Во-вторых, дуальность — противостояние «положительного» протагониста и его «отрицательного» антагониста, которое в повествовании комикса оказывается доминантой действия, причем диалогическое построение сюжета обусловливает персонифицированную в противостоящих друг другу образах этическую симметрию, свойственную культурной идеологии эпохи модерна. На этом противопоставлении главных героев строится сюжетика историй про Супермена и его заклятого врага Лекса Лютора, Бэтмена и Джокера, Человека-Паука и Зеленого Гоблина, Хеллбоя и Принца Нуады, Тора и его брата Локи и т. д.
И, наконец, в-третьих, еще более изощренная форма двойничества — зеркальное отображение супергероя в его противнике суперзлодее; их неразрывное единство, сообщающее сюжету психологическую остроту и многосложность, свойственное комиксу эпохи постмодерна. Например, положительные персонажи, те, кто из лучших побуждений пытается бороться с Джокером, и в первую очередь сам Бэтмен, неизбежно становятся маленькими джокерами, тем самым добавляя порок к собственной добродетели. Джокер постоянно бросает вызовы Бэтмену, с присущим ему лукавством выдавая свою корысть: «Ты меня дополняешь!» И, вынужденно отвечая на эти вызовы, Брюс Уэйн/Бэтмен может оказаться таким же «джокером» — во всяком случае, в глазах жителей Готэм-сити, которые готовы либо отказаться от своего героя, либо пожертвовать им.
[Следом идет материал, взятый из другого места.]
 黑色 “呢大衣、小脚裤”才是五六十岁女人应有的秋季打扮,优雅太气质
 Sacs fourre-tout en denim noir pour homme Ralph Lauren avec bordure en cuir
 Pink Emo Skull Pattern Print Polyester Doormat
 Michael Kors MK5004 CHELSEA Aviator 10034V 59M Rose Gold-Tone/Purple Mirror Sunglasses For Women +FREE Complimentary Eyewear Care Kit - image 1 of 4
Поочередно оказываясь в ситуациях, когда один из них может покончить с противником, навсегда уничтожив его, они этого не делают. Джокер формулирует свое неразрывное единство с Брюсом Уэйном так: «Зачем мне убивать тебя? Что я без тебя буду делать?» А злодей Бейн не убивает Бэтмена потому, что хочет насладиться его страданиями при виде поверженного в прах Готэм-сити.
В фильме Фрэнка Миллера по мотивам комиксов Уилла Эйснера «Мститель» (2008) возрождается к жизни убитый в уличной схватке честный полицейский Дэнни Кольт; он нес свою вахту против сил зла, с которыми на самом деле неразрывно связан. И вот что важно: именно воплощающий эти силы Спрут вернул Мстителя из небытия скуки ради, чтобы было с кем потягаться. Их война вечна и только временно заканчивается победой то одной, то другой стороны. И в этом залог вечного существования самих персонажей комиксов, неистребимых, как умирающие и воскресающие боги мономифа.
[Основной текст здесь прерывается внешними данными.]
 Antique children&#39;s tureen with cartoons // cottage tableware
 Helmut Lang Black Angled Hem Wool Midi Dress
Брюс Уэйн, переживший в детстве травму гибели родителей, подсознательно нащупывает модус нормального существования в расщеплении личности. Цельность характера раскалывается, демонстрируя его двойственность: беспечного светского плейбоя днем и одержимого идеей справедливости воителя ночью. Брюс/Бэтмен — пример психологического «раздельного мышления», так называемой компартментализации, позволяющей индивиду бесконфликтно существовать в двух (или даже нескольких) состояниях, практически не осознавая этих внутренних противоречий. В современной психологической науке компартментализация считается защитным механизмом, позволяющим индивиду отгородиться от нежелательной информации извне, чтобы, условно говоря, нормально жить. Ситуация постмодерна требует от людей такого рода защиты чуть ли не ежеминутно, и в этом смысле терапевтическая функция комиксов уникальна.
В эпоху постмодерна, эпоху постиндустриального (информационного) общества в харизматичных супергероях начинает превалировать «человеческое, слишком человеческое». Постмодерн нередко определяется как состояние, где «растет внутренняя свобода человека, преодолевается отчуждение и снижается его зависимость от хозяйственных и политических институтов». При том, что постмодернистское настроение развивается на руинах идеалов и ценностей Возрождения, Просвещения и модерна, эта ситуация культурного слома в определенной степени аналогична ситуации Ренессанса, связанной с переходом от традиционного общества к индустриальному, со становлением светской духовности и осознанием человеком себя как демиурга, когда, как отмечал А. Ф. Лосев, средневековая религиозность сменилась «индивидуалистическим протестантизмом».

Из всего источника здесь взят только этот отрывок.